K. Abaka-Quansah is a Ghanaian politician and member of the First Parliament of the Fourth Republic of Ghana representing Mfantsiman West constituency under the membership of the National Democratic Congress (NDC).

== Early life and education ==
Abaka-Quansah was born on 15 July 1954. He attended University of Ghana (UG) where he obtained his Diploma in Statistics. He worked as a Civil Servant before going into parliament.

== Politics ==
He began his political career in 1992 when he became the parliamentary candidate for the National Democratic Congress (NDC) to represent his constituency in the Central Region of Ghana prior to the commencement of the 1992 Ghanaian parliamentary election.

He was sworn into the First Parliament of the Fourth Republic of Ghana on 7 January 1993 after being pronounced winner at the 1992 Ghanaian election held on 29 December 1992.
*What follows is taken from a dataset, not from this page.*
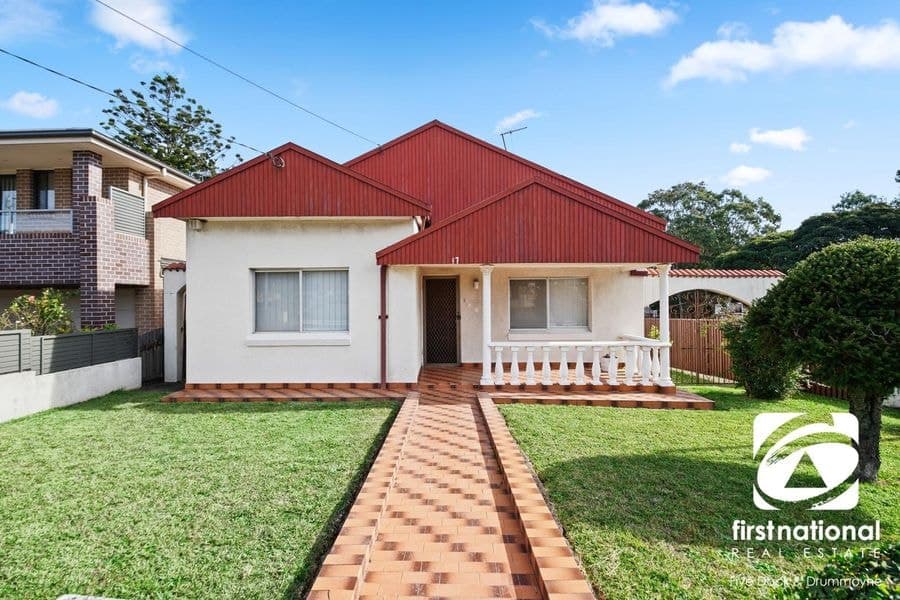 17 Taylor Street, Five Dock NSW 2046, Five Dock - Image 1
After serving his four years tenure in office, Abaka-Quansah lost his candidacy to his fellow party comrade Jacob Scherrer Arthur. He defeated Comfort Ohene-Darko of the Convention People's Party (CPP) who polled 2,732 votes which was equivalent to 10.20% of the total valid votes cast, Kenneth Appiah Mends of the National Convention Party (NCP) who polled 0 votes which was equivalent to 0.00% of the total valid votes cast and Isaac Kow Taylor of the New Patriotic Party (NPP) who polled 0 votes which was equivalent to 0.00% of the total valid votes cast at the 1996 Ghanaian general elections. Jacob polled 19,172 votes which was equivalent to 71.40% of the total valid votes cast. He was thereafter elected on 7 January 1997.